### Try it
In the entries below, find the line with "Heimat und Ferne, ein" and the line with "Timor Sense 10"; copy them and every line between them exactly, but not the pictures.

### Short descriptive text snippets
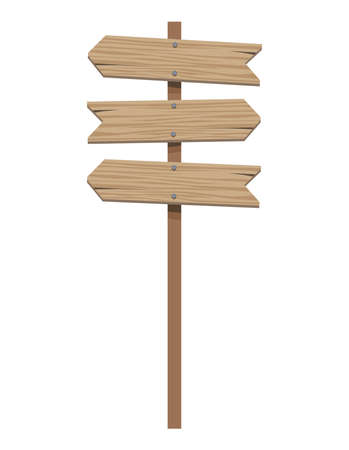 wooden way signalsのイラスト素材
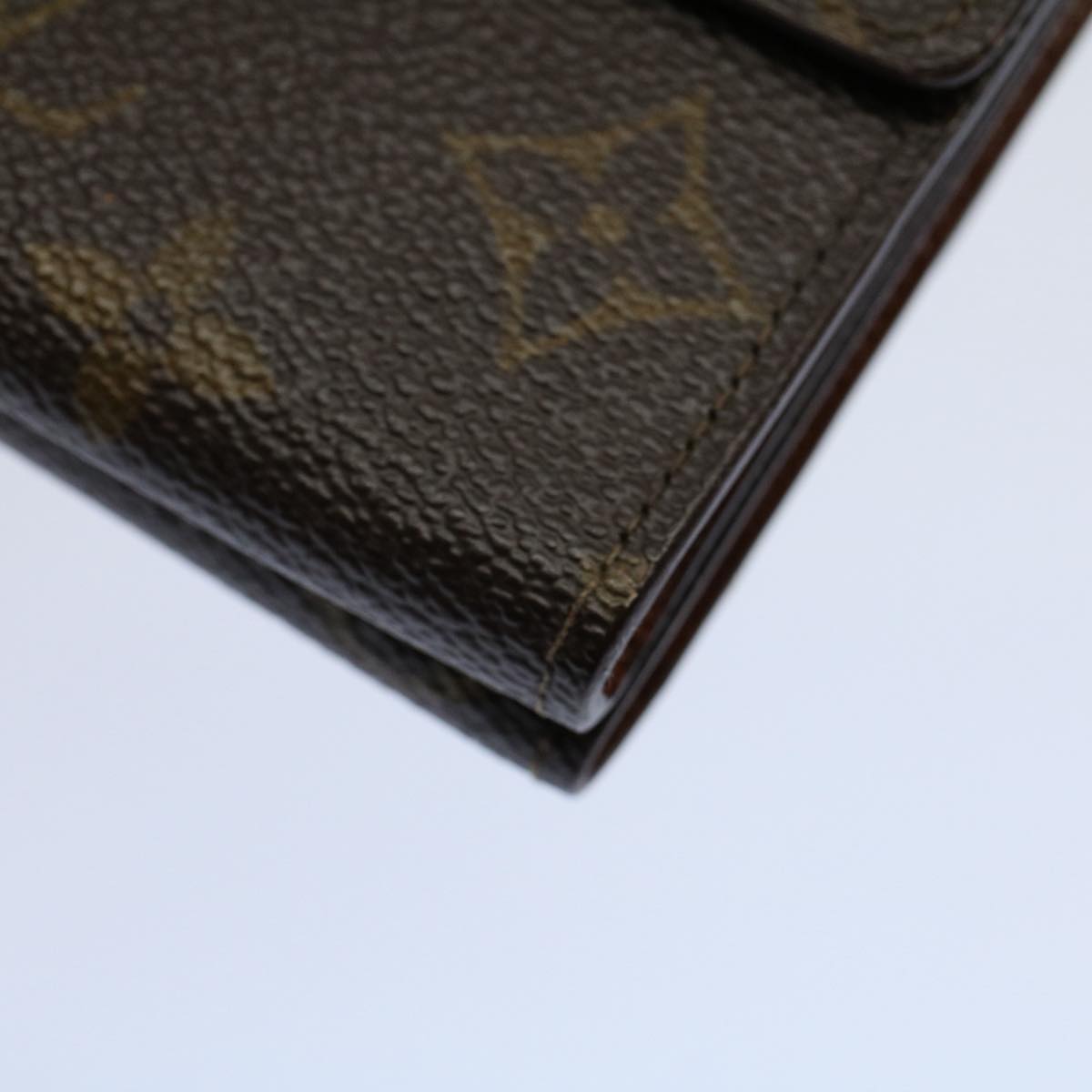 LOUIS VUITTON Monogram Porte Monnaie Bier Cartes Crdit Wallet M61652 Auth yk8504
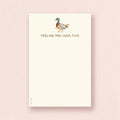 Feeling Productive — Cute Duck and Pencil Pun Notepad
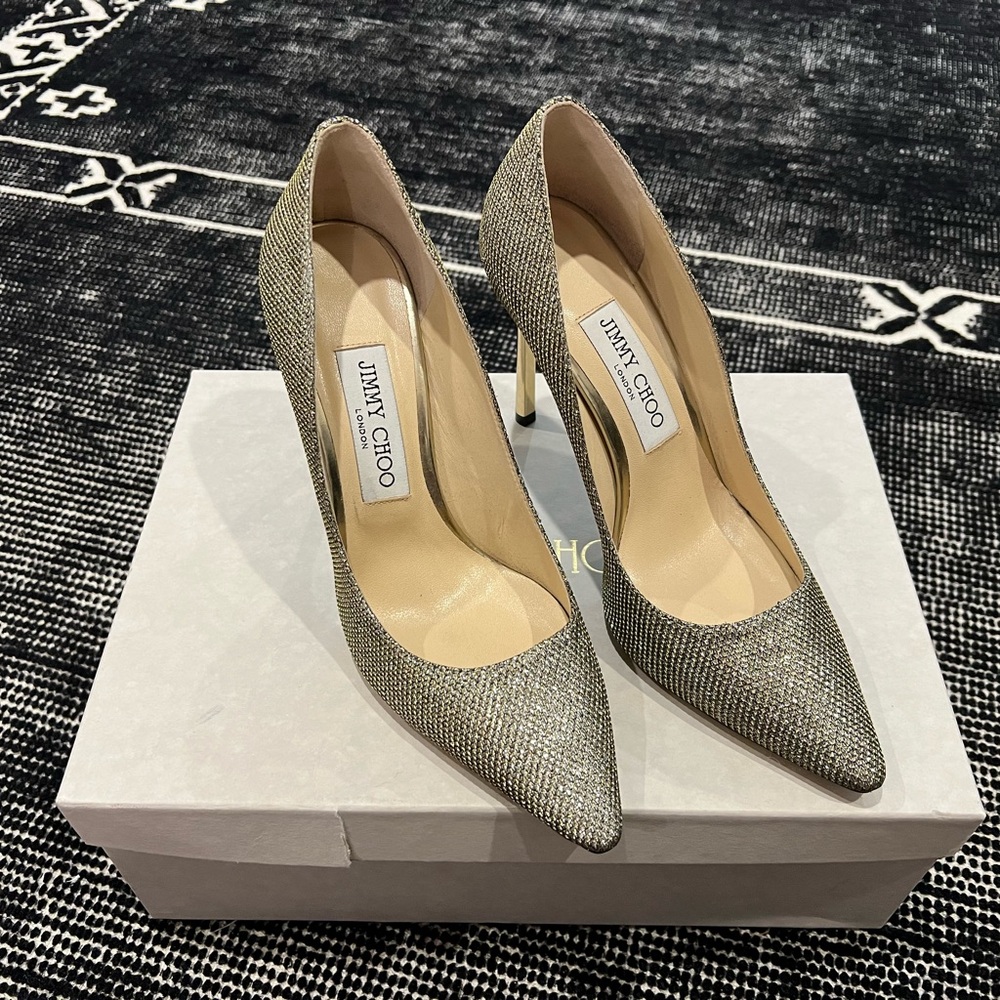 Jimmy Choo Light Bronze Women's Heels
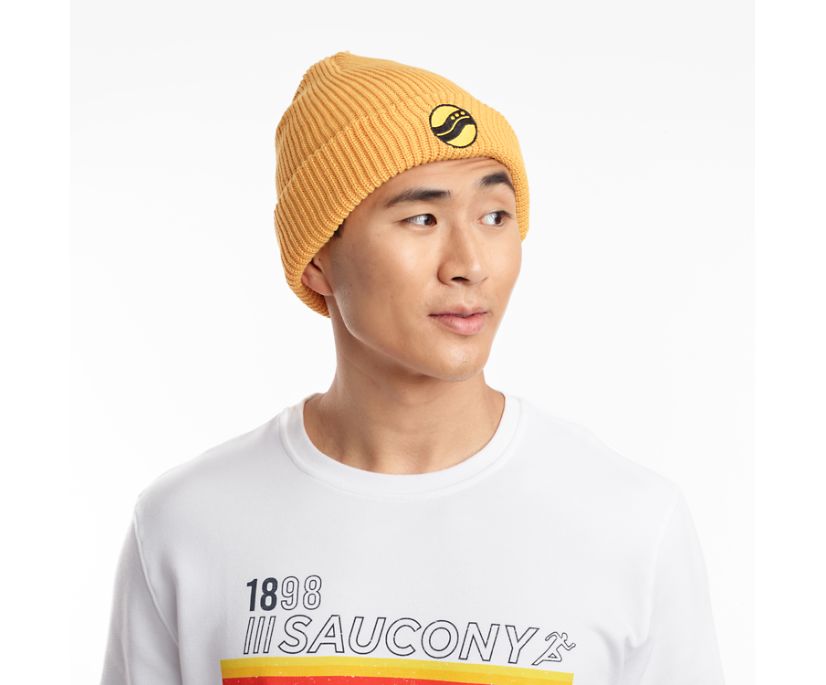 Women\'s Saucony Rested Beanies Yellow | Singapore 355JPQJ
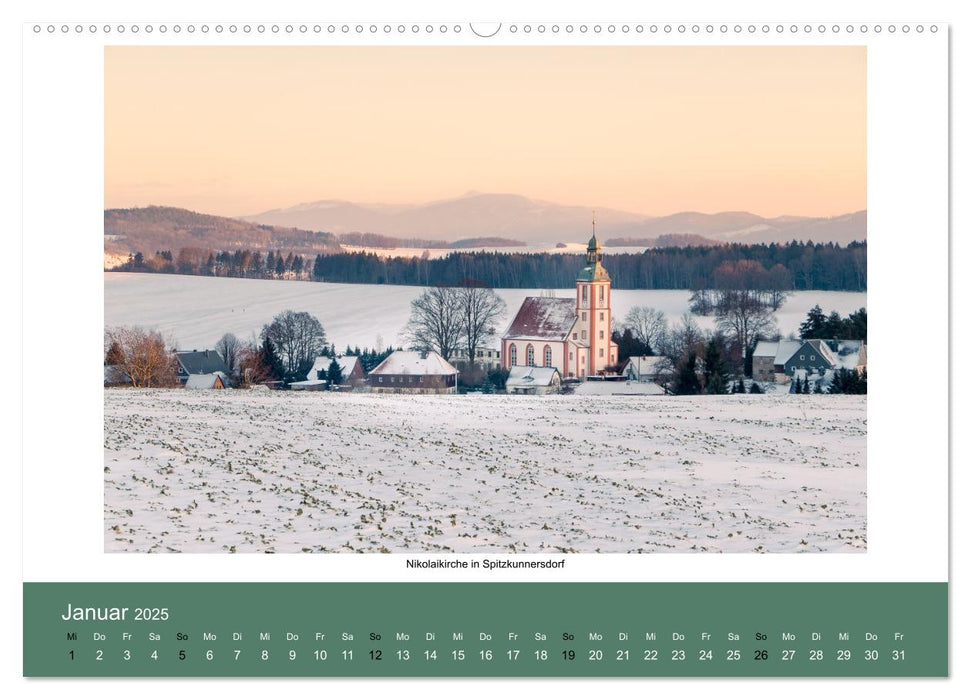 Heimat und Ferne, ein Jahr in Bildern (CALVENDO Premium Wandkalender 2025)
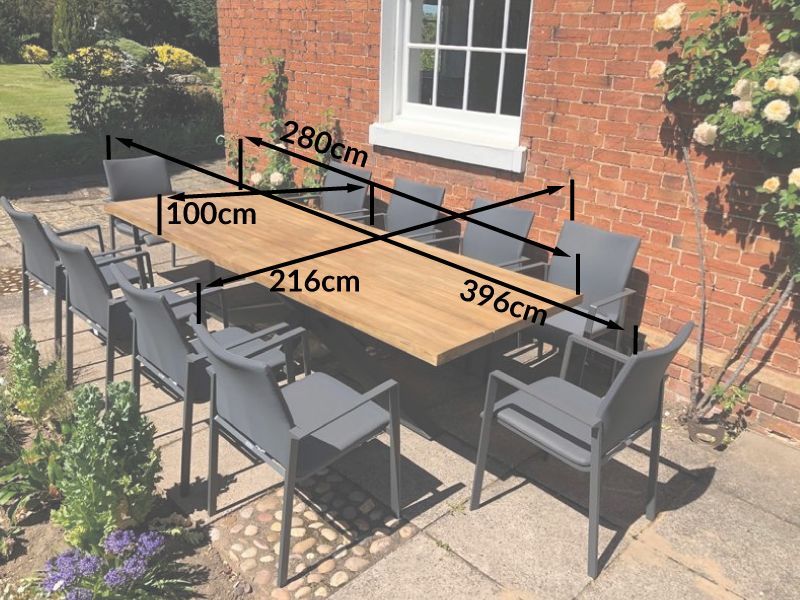 Timor Sense 10 Chair Dining Set Life Range | FSC® Certified | Ex-Display-Garden Furniture Centre-HighRange,Metal,Teak,Tables,Dining Set,Outdoor Furniture,Teak Garden Furniture,Metal Furniture,Ranges,Life Range,Outdoor Dining,Autumn & Winter Sale,FSC®,Sale,Showroom exdis,Ex-Display-{collection_title}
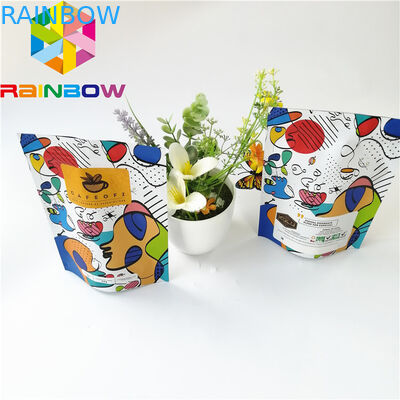 Tenez les sachets en matière plastique zip-lock empaquetant, sac de café réutilisable de papier d'aluminium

### Task output
 Heimat und Ferne, ein Jahr in Bildern (CALVENDO Premium Wandkalender 2025)
 Timor Sense 10 Chair Dining Set Life Range | FSC® Certified | Ex-Display-Garden Furniture Centre-HighRange,Metal,Teak,Tables,Dining Set,Outdoor Furniture,Teak Garden Furniture,Metal Furniture,Ranges,Life Range,Outdoor Dining,Autumn & Winter Sale,FSC®,Sale,Showroom exdis,Ex-Display-{collection_title}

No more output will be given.